__WHAT TO WORK ON__:
Before printing, remove every picture; then print the lines below exactly, from the first line through the line containing "Colored eggs, wheat".

__SOURCE MATERIAL__:
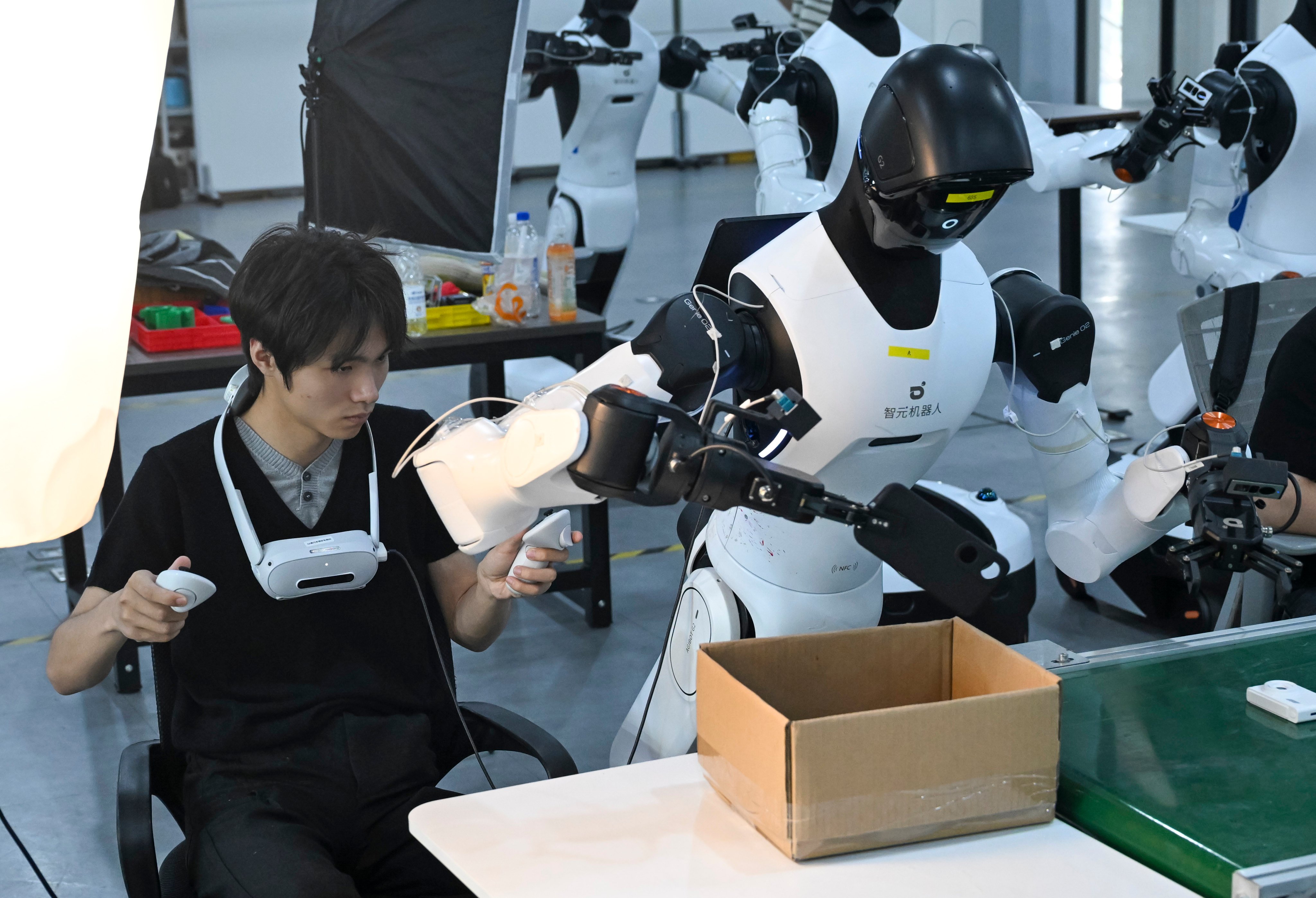 An employee programmes a robot to sort items at Maniformer, a physical AI data service platform, in Shanghai on August 5. Photo: Xinhua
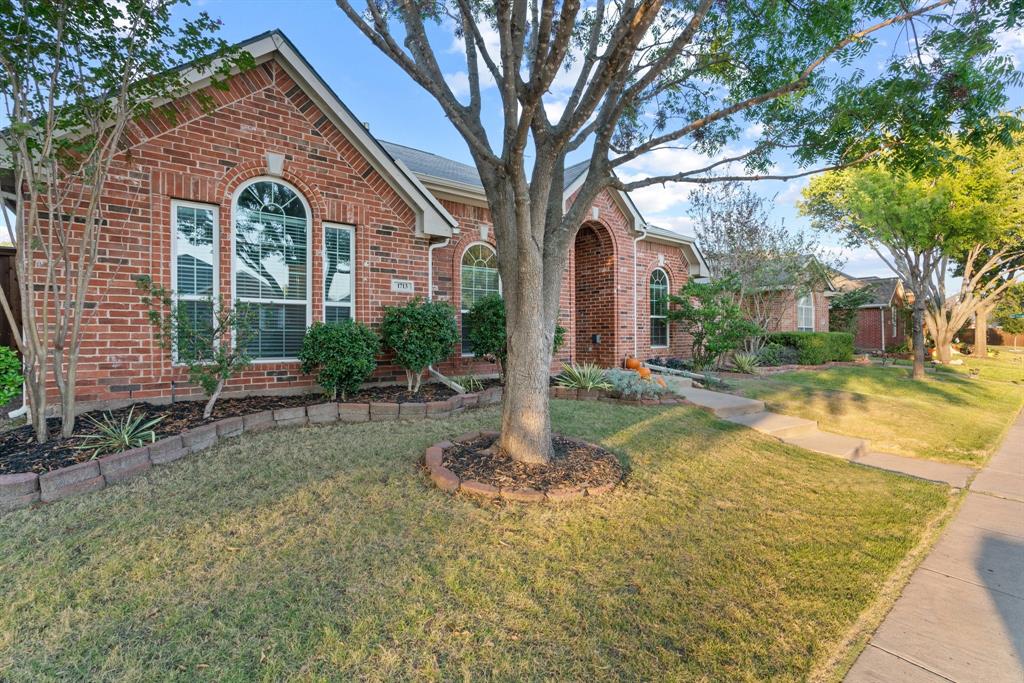 a view of a house with brick walls plants and large tree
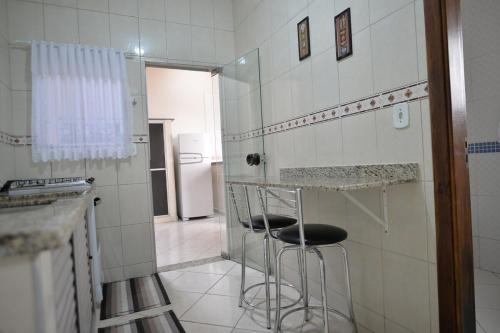 eine Küche mit zwei Barhockern in einem Zimmer in der Unterkunft Casa Familiar Morada in Aparecida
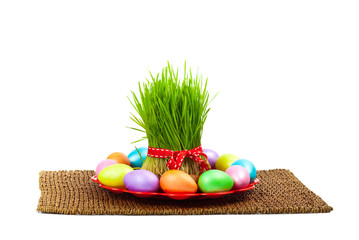Colored eggs, wheat springs on Nowruz holiday on white background. Selective focus.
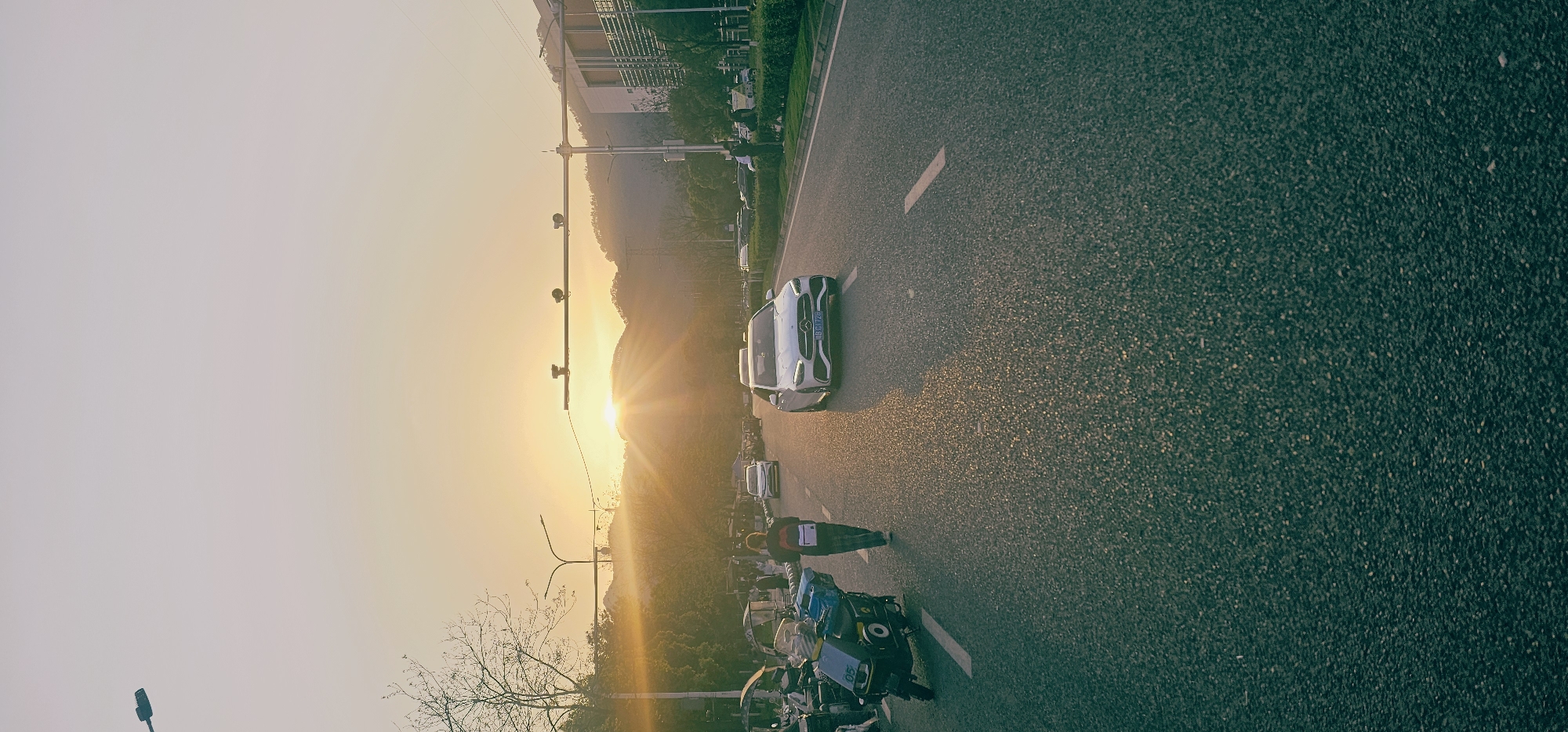 The image depicts a street scene at sunset. A silver Mercedes-Benz car is positioned on the right side of the road, which stretches from the bottom of the frame into the distance. A person is walking on the road near the car, away from the viewer. Two three-wheeled vehicles are situated on the roadside, close to the bottom of the image. Above the cars and people, the sun is setting behind a hill, with a light post and traffic lights in the foreground. The sky is bright orange and yellow near the horizon, fading into a lighter hue higher up. Buildings are visible on the left side of the road, along with lush trees. The location is Shapingba District, China, based on the license plate on the car.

__EXERCISE RESULT__:
 An employee programmes a robot to sort items at Maniformer, a physical AI data service platform, in Shanghai on August 5. Photo: Xinhua
 a view of a house with brick walls plants and large tree
 eine Küche mit zwei Barhockern in einem Zimmer in der Unterkunft Casa Familiar Morada in Aparecida
Colored eggs, wheat springs on Nowruz holiday on white background. Selective focus.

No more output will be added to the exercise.